L’agentivité et le pouvoir syndical

L’innovation technologique est ancrée dans des relations sociales souvent passées sous silence. Nous soumettons que celle-ci est imbriquée dans un processus social dont la teneur spécifique préfigure la manière dont l’innovation technique est implantée et produit ses effets. D’une manière générale, les employeurs et les gouvernements exploitent les possibilités offertes par l’innovation technologique pour remodeler et réorganiser le travail. Cependant, même si ces acteurs sont en position de force, il serait faux de croire que les travailleurs et leurs syndicats sont impuissants; il est possible pour eux d’exercer leur pouvoir de contestation et de façonner le processus d’implantation et les effets de la numérisation.

Dans ce contexte, les défis posés par le numérique au mouvement syndical sont tout à la fois récents et très anciens. Depuis le début de la période d’industrialisation, les syndicats et leurs précurseurs ont résisté et négocié l’introduction de nouvelles technologies, en se concentrant sur la manière dont celles-ci remplacent les emplois, réorganisent le travail et exercent un effet sur la détermination des salaires. Or, la présente vague de transformation, et en particulier la montée de l’économie de plateforme, pose de nouveaux défis sur le plan de l’organisation et de la représentation des travailleurs. Les débats en cours sur le numérique ont suscité un regain d’intérêt pour la manière dont les partenaires sociaux peuvent engager un dialogue sur ces questions émergentes. Et bien qu’une grande partie de la littérature soit dédiée à la manière dont les syndicats tentent d’organiser et de représenter les travailleurs des plateformes, la manière dont les partenaires sociaux négocient de tels changements suscite de plus en plus d’intérêt.

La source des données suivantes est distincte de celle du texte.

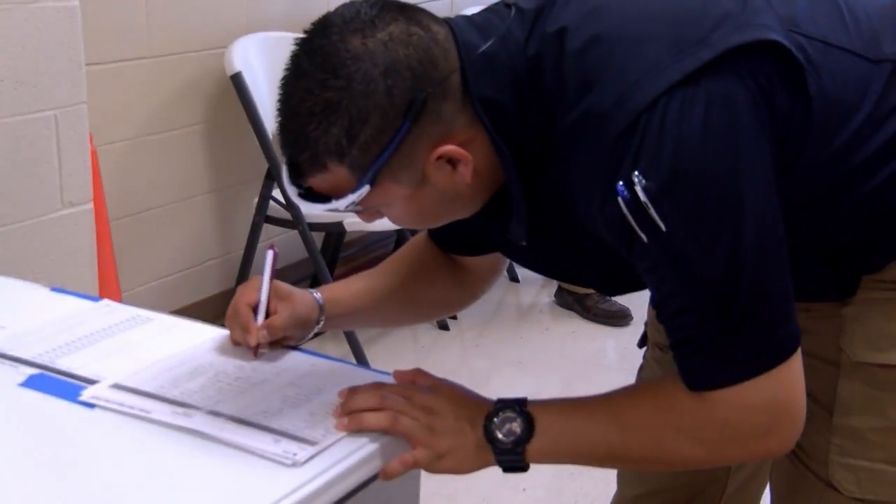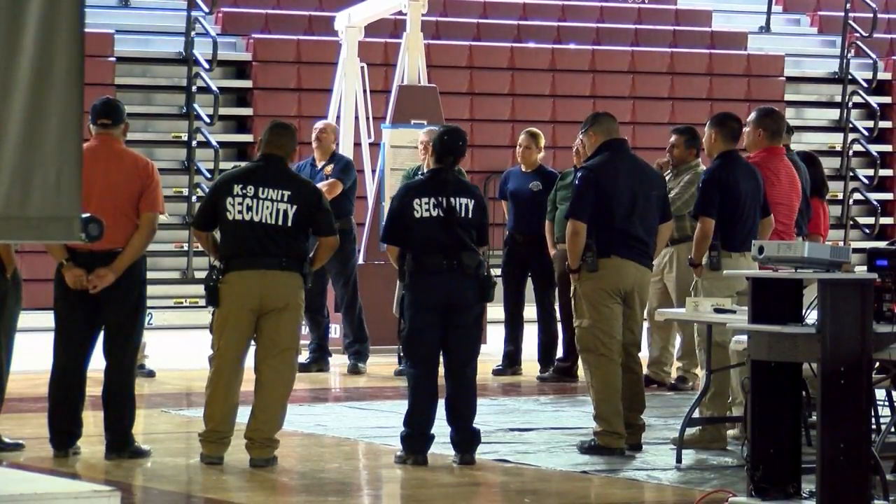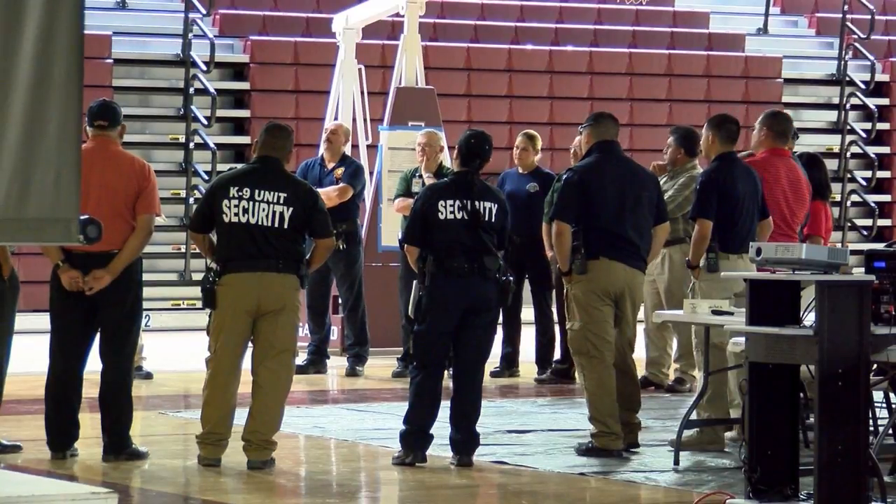They're learning how to intake the information from the families — what the process is, the questions to ask, the documents to fill out. Even law enforcement is taking in some tips while sharing ideas. What we're going to do is provide security on the outer perimeter of the shelter.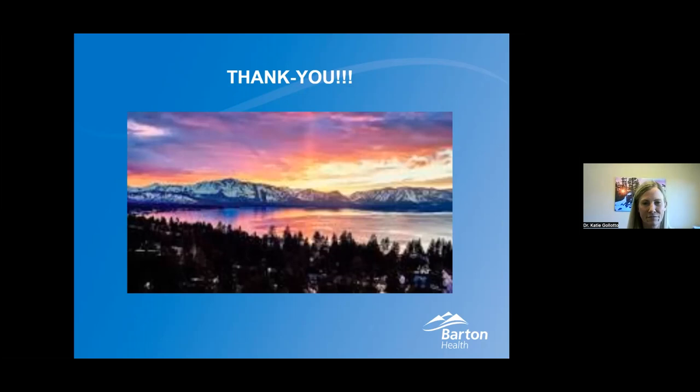Just a reminder that this webinar has been recorded. You can find it on Barton's YouTube page. There is a short survey we send out after every webinar to get a good idea of how we did tonight and what future topics you'd like to hear — we do use that to determine future topics. Thank you so much, Dr. Katie, for being here. Thank you everybody for joining on a Thursday beautiful night. Hopefully I'll see you all at Lakeside Live. Have a great evening, everybody.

Une piste d’analyse est que la teneur des répercussions causées par les perturbations numériques soit influencée par le pouvoir et l’agentivité de l’acteur syndical, et que ces développements puissent être contestés, remis en question et sujets à de longues négociations, tous menant à des résultats différenciés. Cette observation soulève des questionnements quant à la capacité des acteurs collectifs, et tout particulièrement des syndicats, à faire face à de tels changements. L’implantation du numérique n’est pas uniforme : l’introduction et la mise en oeuvre des innovations numériques sont inégales, allant de leur utilisation partielle ou spécialisée au sein de processus continus ou établis, au déploiement généralisé à tous les niveaux de l’organisation. Les syndicats sont eux-mêmes multiformes et démontent un éventail de capacités et de ressources dans la façon d’exercer leur agentivité en pareil contexte (voir, sur les capacités, Lévesque et Murray, 2010; sur l’importance de l’organisation, Fairbrother, 2015). En bref, l’objectif est de mieux comprendre et expliquer comment s’exerce l’agentivité syndicale dans un contexte de perturbation numérique.

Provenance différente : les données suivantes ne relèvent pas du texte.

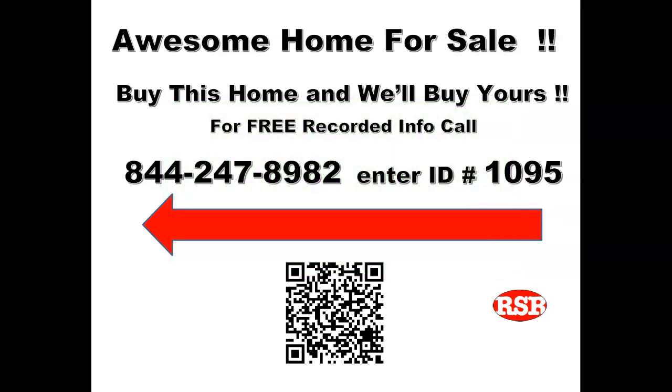Once again, you're headed towards a home that has a unique program — our trade-up program. Hope you like what you see and hear. Thanks for listening. We'll see you next time.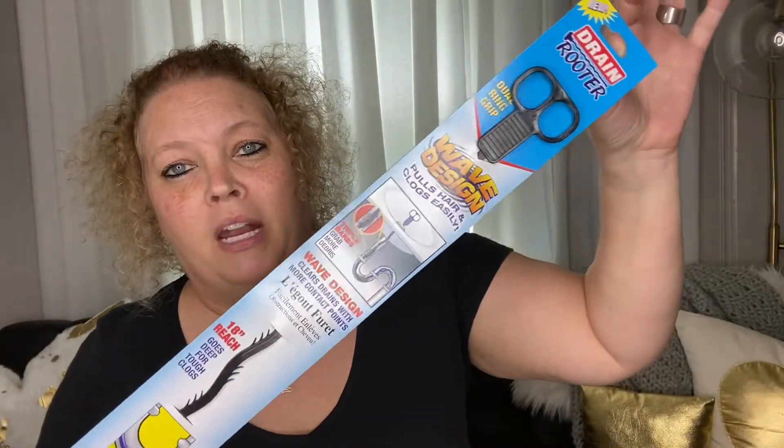Next, I have a little backup going on in my bathtub, so I bought one of these Drain Rooters to get that taken care of.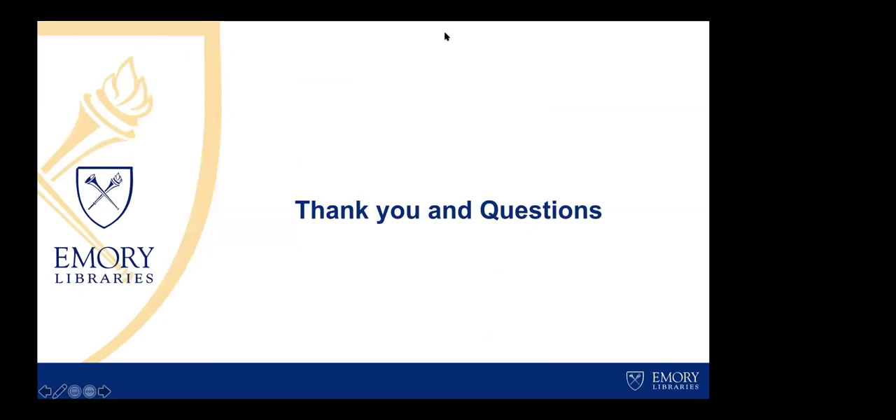Thank you so much, Carrie. I might invite you and Chela to pop your video on and join the audience for the Q&A. It's so useful to hear the practical application of the tools and especially the illustrations like pain points around storage and conservation activities — giving us a very live picture of how that works. I'm also really struck by the layers of advocacy it enables: library to donor, library to leadership, team to team. We do have a few questions here.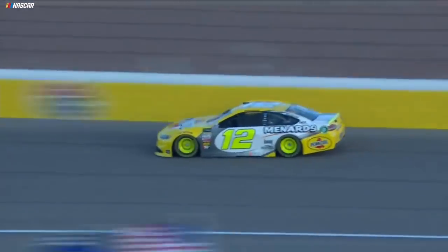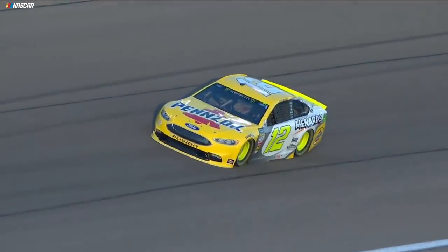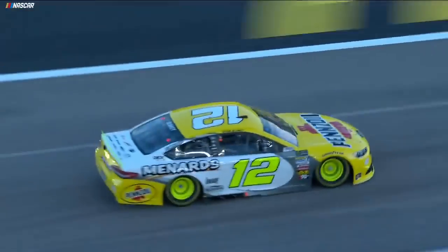Ryan Blaney putting a lap together — two tenths up going into turn three. Wow, what a lap by Ryan Blaney! Top of the chart, 28-20. Fastest lap of the day for Ryan Blaney.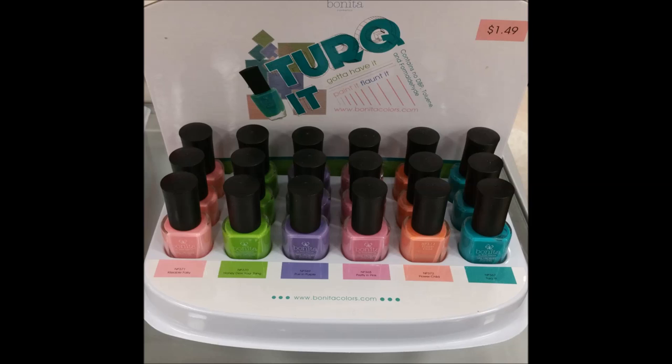Hi guys, welcome back to my channel. We have another Bonita collection to review today. This time it's the basic brand — not the Bonita Salon, it's the little bottles. They retail for $1.49, and at Rite Aid they knock the price down even more, so I usually get them for around $1.20 a piece. I'm going to insert a picture of what the display looks like in case you want to hunt this out.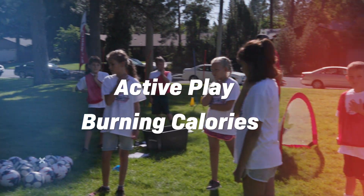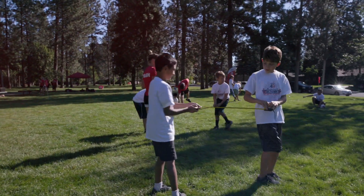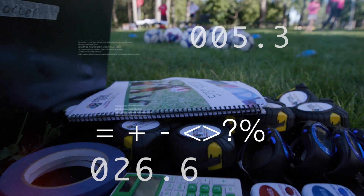Learning how active play and burning calories correlates. The engineering design process will come into play as students create their own goal-line technology. Calculating the probability of penalty kicks — students will be able to predict the number of penalty kicks by using a model from collected data.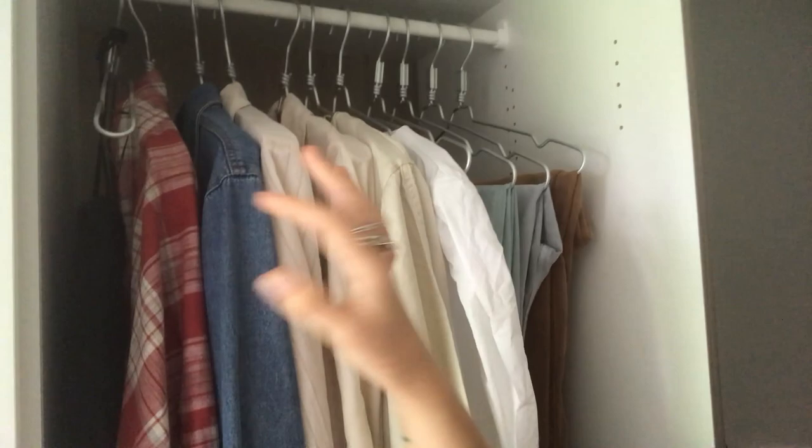Moving on to the shirt section — I have very few left. They're all basically beige plains. There's a classic denim shirt, an over-jacket thing, and one summer off-the-shoulder top. But the main deal is it turns out I really like basic neutral-coloured shirts. That's what I want to wear all the time.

La principale caractéristique de cette analyse est qu’elle soulève, de diverses manières, la question du rapport et des dynamiques de pouvoir, tant dans les milieux de travail qu’en dehors de ces derniers. Ce numéro thématique et les articles qu’il renferme cherchent à comprendre le rôle-clé joué par les acteurs collectifs, notamment les syndicats, dans la définition des contours et des répercussions du numérique. Trois pistes d’analyse sont soulevées. Premièrement, l’influence des syndicats dépend de leur capacité à canaliser la puissance du nombre et mobiliser leur pouvoir. Rutherford et Frangi notent qu’il existe — dans l'industrie automobile canadienne — des différences importantes dans les pratiques syndicales locales. En revanche, l'étude comparative de Gautié, Jaehrling et Perez souligne les contraintes qui pèsent sur la capacité représentative des syndicats lorsque les pratiques de l’employeur sont semblables d’une unité d’affaire à l’autre, comme dans le cas des entrepôts logistiques du secteur du commerce de détail en France et en Allemagne. Deuxièmement, certains syndicats sont en mesure de développer et de mobiliser leurs ressources de pouvoir cependant que d’autres tendent à démontrer l'inefficacité des ressources traditionnelles de pouvoir syndical. L'étude de Gasparri et Tassinari se concentre sur l'articulation des ressources de pouvoir des syndicats italiens en réponse aux enjeux numériques. L’approche multiniveaux semble indiquer que ceux-ci s’adaptent davantage à la situation qu’ils ne transforment leur répertoire d’actions. Bien qu’insistant également sur les dynamiques de pouvoir, Coiquaud et Morissette soulignent que les ressources de pouvoir traditionnelles des syndicats peuvent s’avérer inefficaces pour lutter contre l’avènement d’entreprises comme UBER, surtout lorsque l’État se positionne comme l’allié de ces méga-entreprises. Troisièmement, les syndicats peuvent contribuer au développement de nouvelles formes d’organisations collectives. Degryse et Hocquelet démontrent respectivement comment de nouvelles formes d’organisations collectives, souvent elles-mêmes fondées sur la mobilisation des technologies numériques, peuvent renforcer la capacité collective des travailleurs et leur permettre d’agir sur la régulation du travail et de l’emploi.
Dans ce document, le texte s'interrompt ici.